Stereotype Darstellung
Angeschaut wurde nicht nur, ob hinter einem Kanal ein Mann oder eine Frau steht, sondern auch, welche Themen die Videos behandeln. Frauen zeigen sich anders als Männer, sagt Elizabeth Prommer: «Sie stellen sich deutlich stereotyper dar. Die Themen, mit denen Frauen in ihren Videos hantieren, sind Beauty, ‹How To›-Videos, Schönheit und Familie.»
YouTuberinnen entsprechen also einem sehr klassischen Frauenbild. Sie sind mehrheitlich daheim zu sehen, sprechen über ihre Hobbys.

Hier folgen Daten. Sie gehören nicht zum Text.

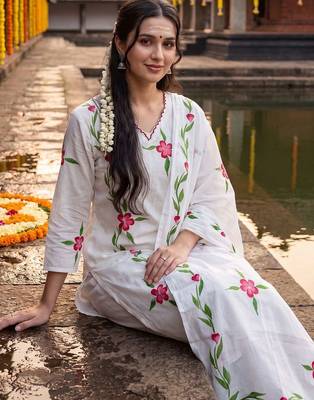 women floral printed regular cotton kurta with trousers & with dupatta 2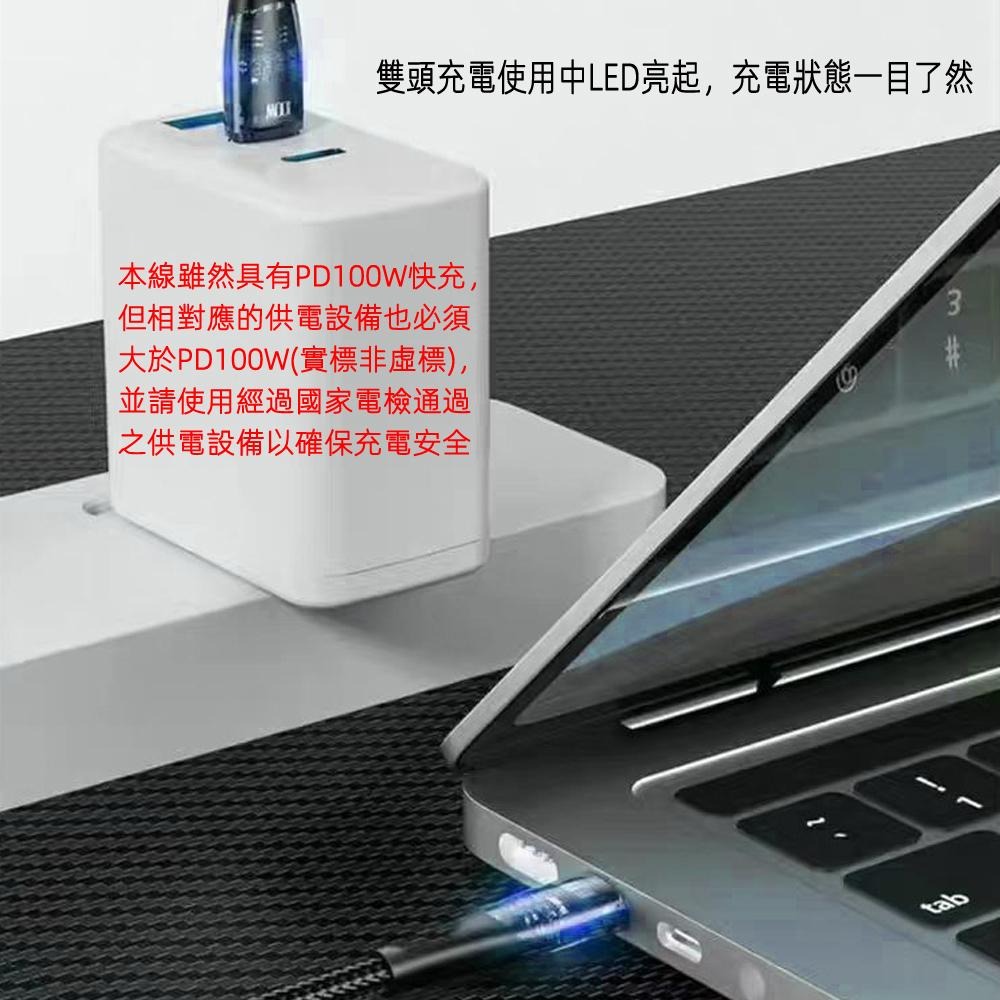含稅全新特價月陽透明接頭TypeC to TypeC鍍金1.5米智能PD100W快充耐拉扯尼龍充電線傳輸線TTYC150-細節圖8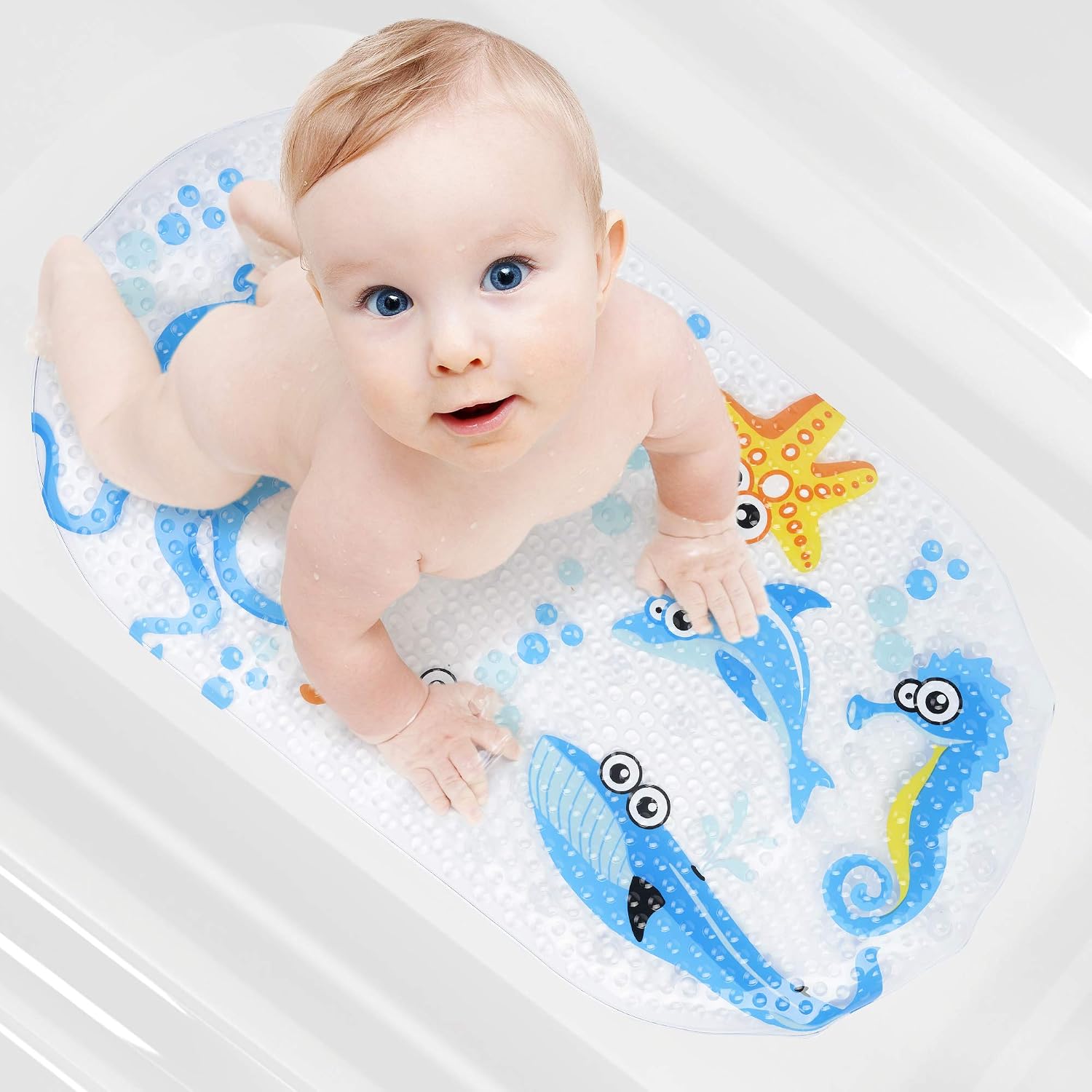 Chuckle Sea Animals Anti-Slip Baby Bath Mat - Large 69 x 39cm PVC Safety Mat with Strong Suction Cups, Blue, 69 x 39 cm - Image 4
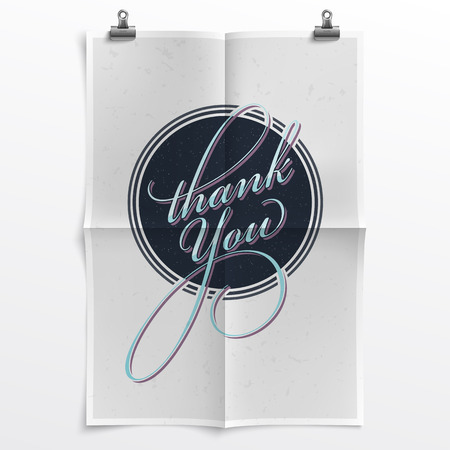 Thank You Note with a Retrofuturistic Touch on a Folded Poster Template with Realistic Texture and Shadow - Layered, Organized Vector Fileのイラスト素材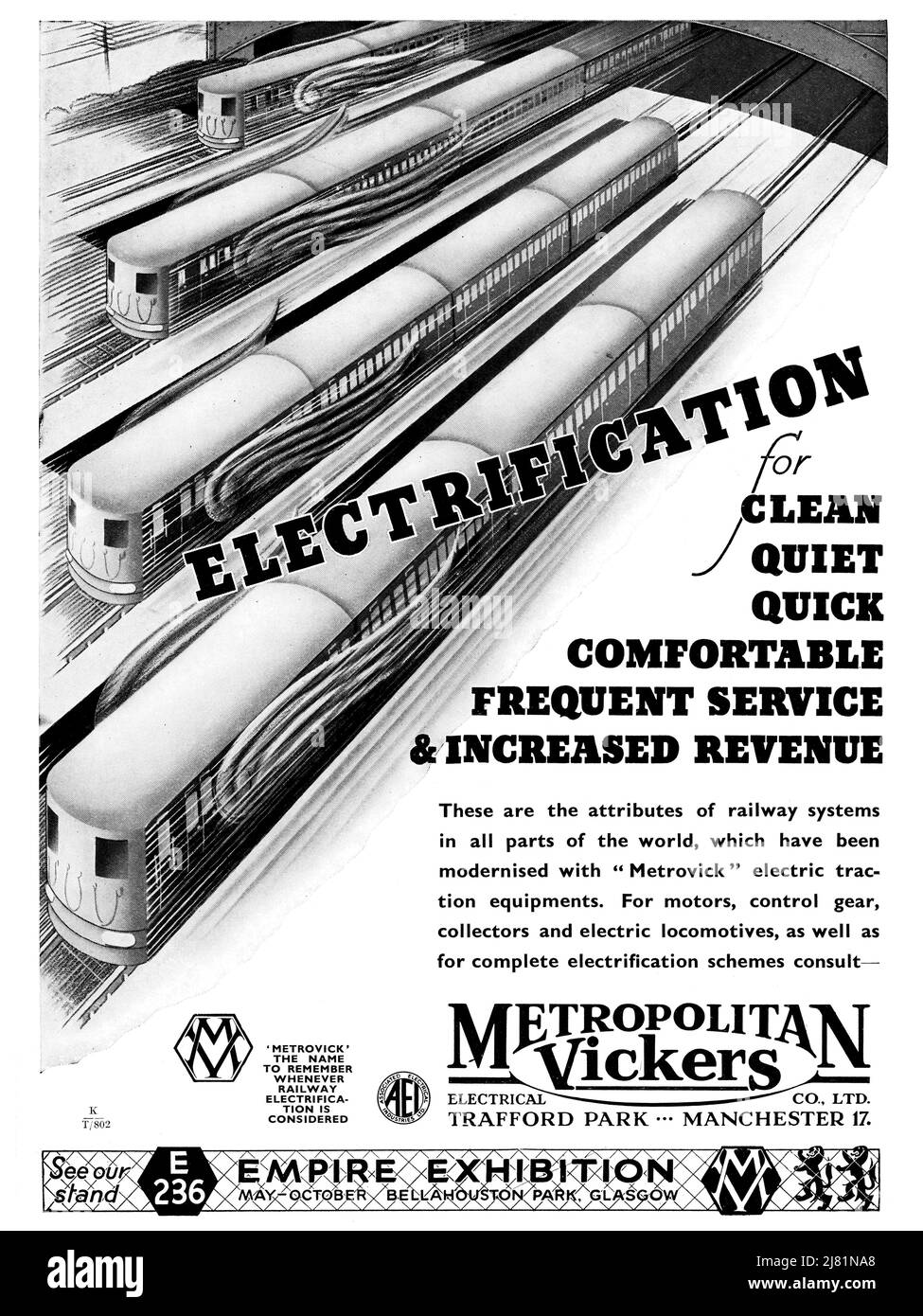 Un annuncio d'epoca del 1938 per i treni ferroviari elettrici Metropolitan Vickers e il materiale rotabile Foto Stock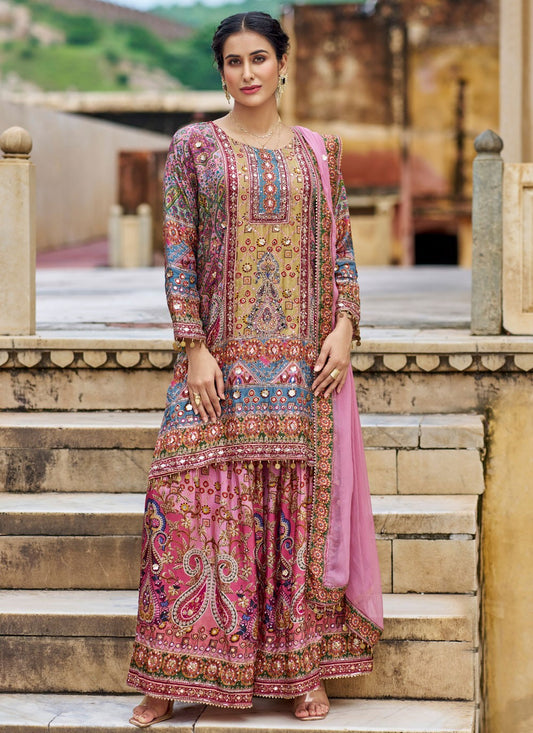 Digital Print Faux Chiffon Multi Colour Salwar Suit T6561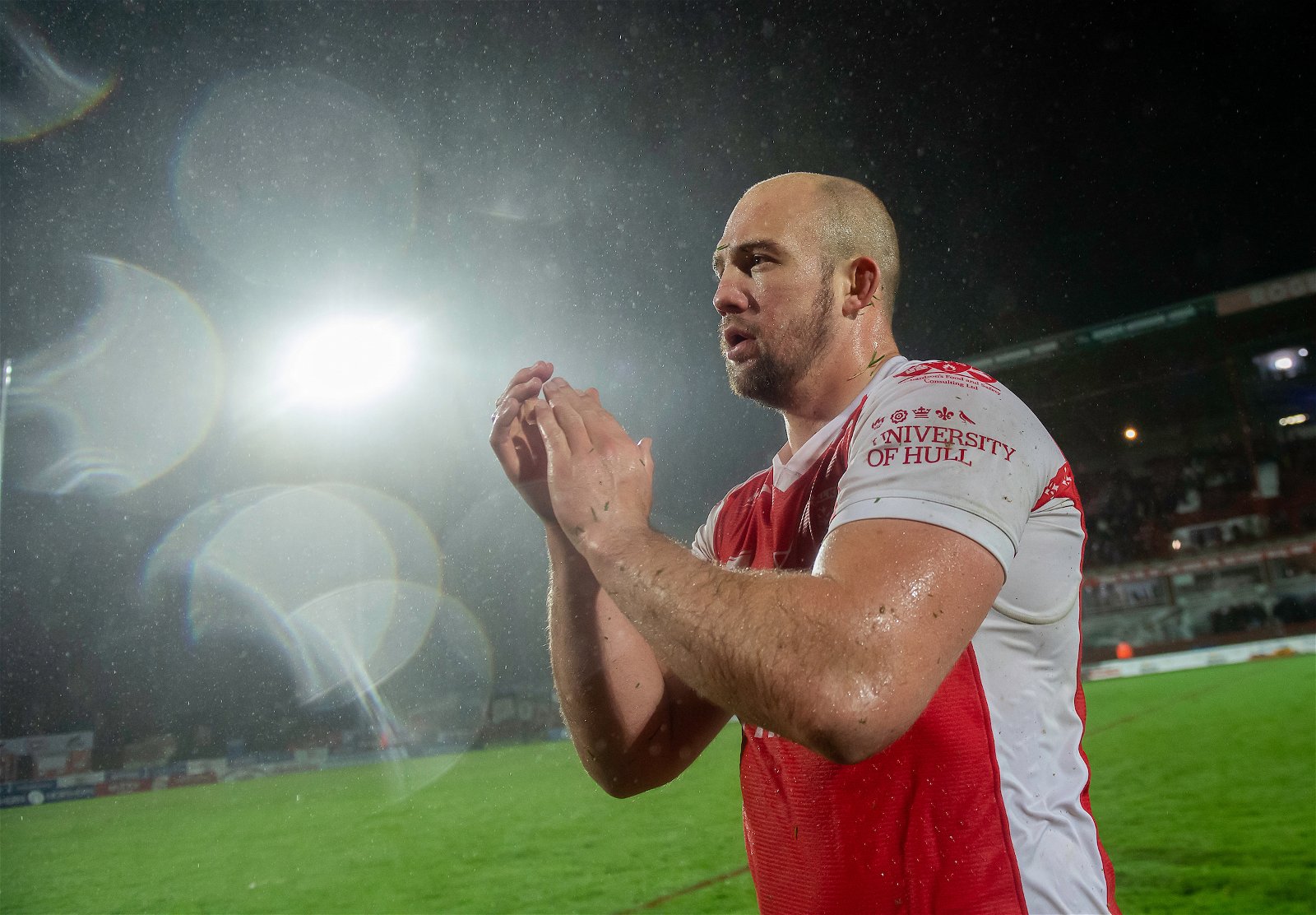 Hull KR's George King thanks the fans for their support after victory over Leeds.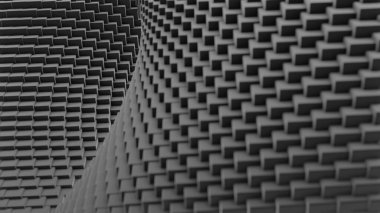 3 boyutlu çarpıtma ile geometrik arkaplan değiştiriliyor. Tasarım. Üç boyutlu spiral kıvrımlı karelerin arkaplanı hareket ediyor. Sanal 3 boyutlu uzayda spiral çatlak.
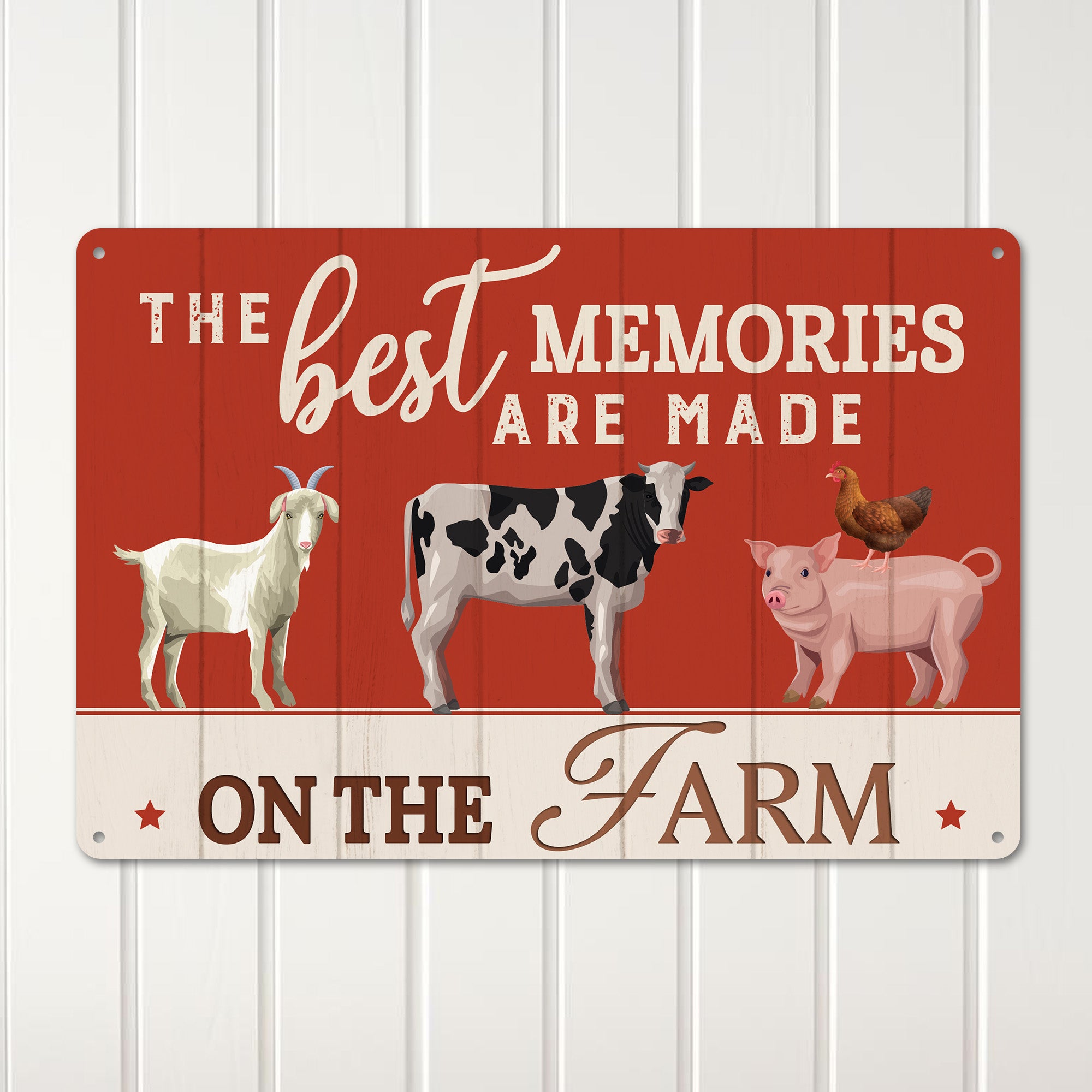 Personalized Rustic Farmhouse Metal Sign – Best Memories Made on the Farm | Custom Gift for Animal Lovers and Farmhouse Decor - Image 3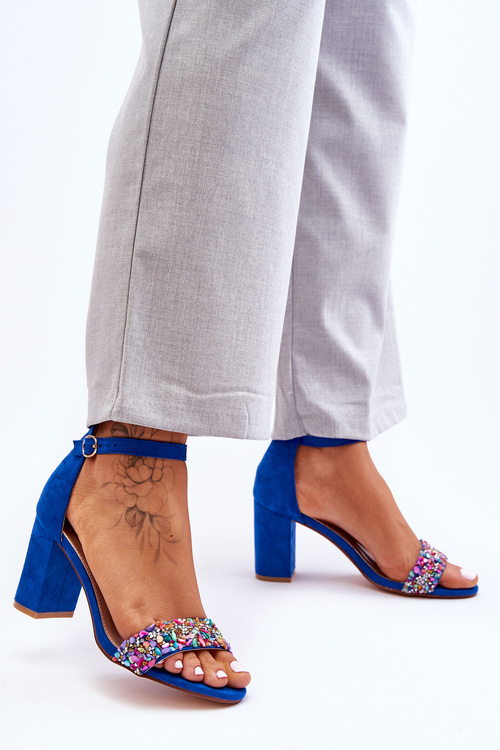 Модні босоніжки з камінням на високих підборах синього кольору Love Me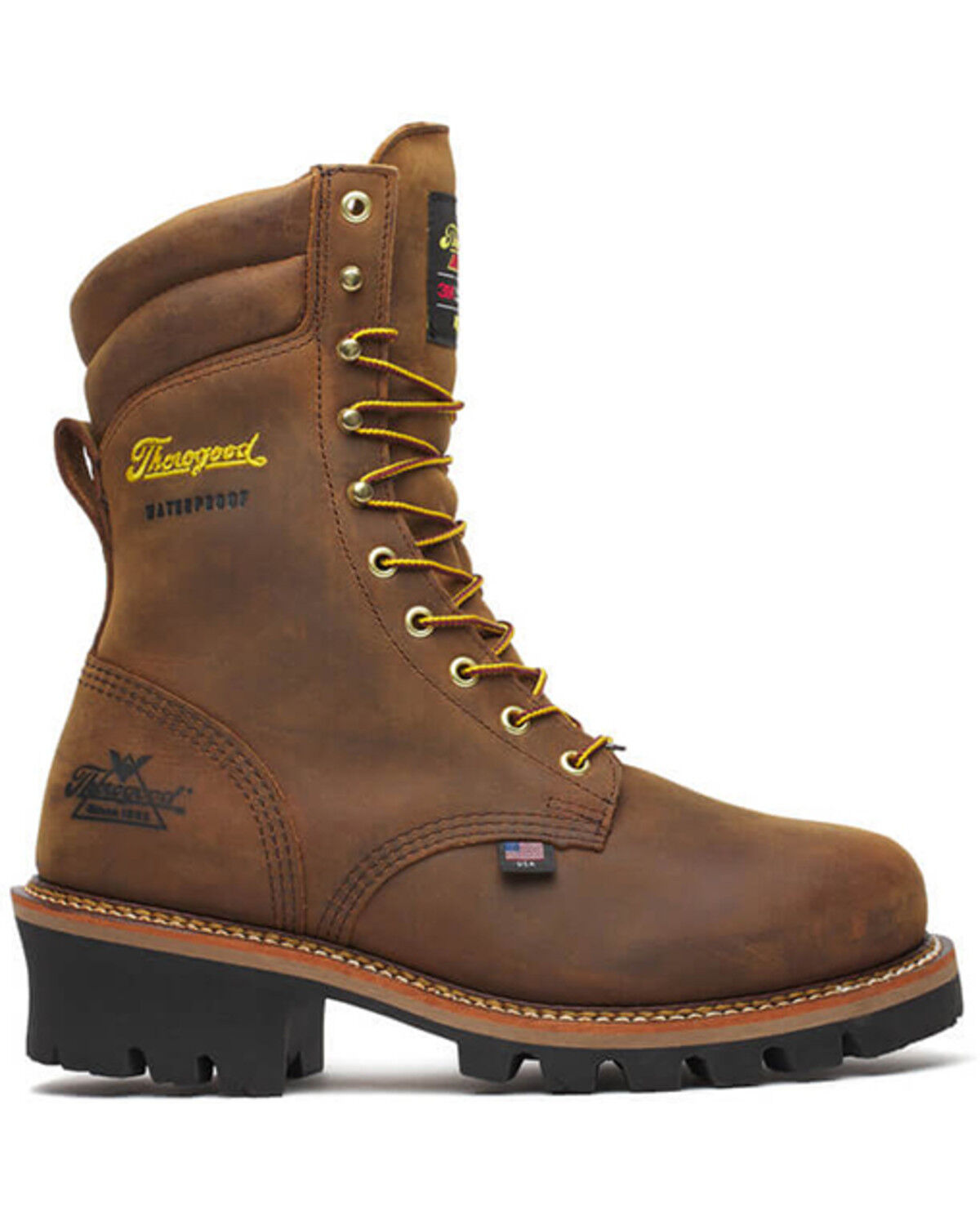 Image #2 - Thorogood Men's Logger Series 9" Crazy Horse Waterproof Insulated Made In The USA Work Boots - Soft Toe, Brown, hi-res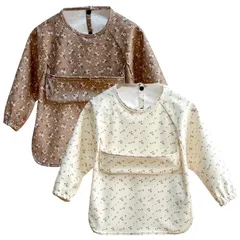 新品 [GoUseGo] お食事エプロン ベビー 長袖 離乳食エプロン 2枚セット 防水 食事用エプロン 防水 赤ちゃん 食事スタイ 女の子 男の子 幼児用 エプロン 1歳 2歳 3歳 4歳 5歳 6歳 スモック 子供 キッズ 保育園 幼稚園用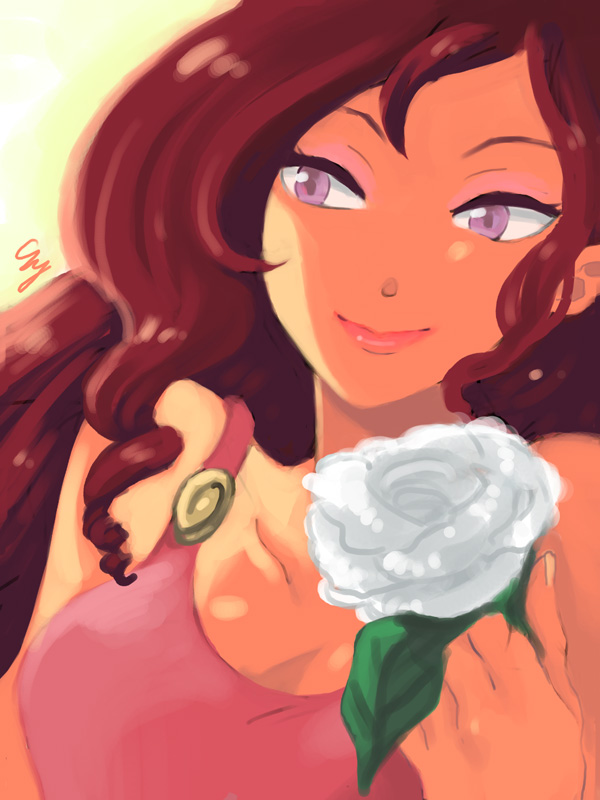 1girl, asylum, brown_hair, disney, eyeshadow, flower, hercules_(disney), lavender_eyes, light_smile, looking_away, makeup, megara_(disney), rose, solo, white_rose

Bei Männern geht es häufiger um den Beruf. Und sie bedienen eine grössere thematische Vielfalt. Ihre Videos befassen sich etwa mit Games, Musik, Sport oder Comedy.
1:2 - im Kino wie im Netz
Auffallend ist, dass sich YouTube damit wenig von klassischen Medien unterscheidet: In einer früheren Studie zeigte Elizabeth Prommer bereits, dass im Kino und Fernsehen das gleiche Verhältnis zwischen Mann und Frau vorherrscht: Auch dort kommen auf eine Frau zwei Männer.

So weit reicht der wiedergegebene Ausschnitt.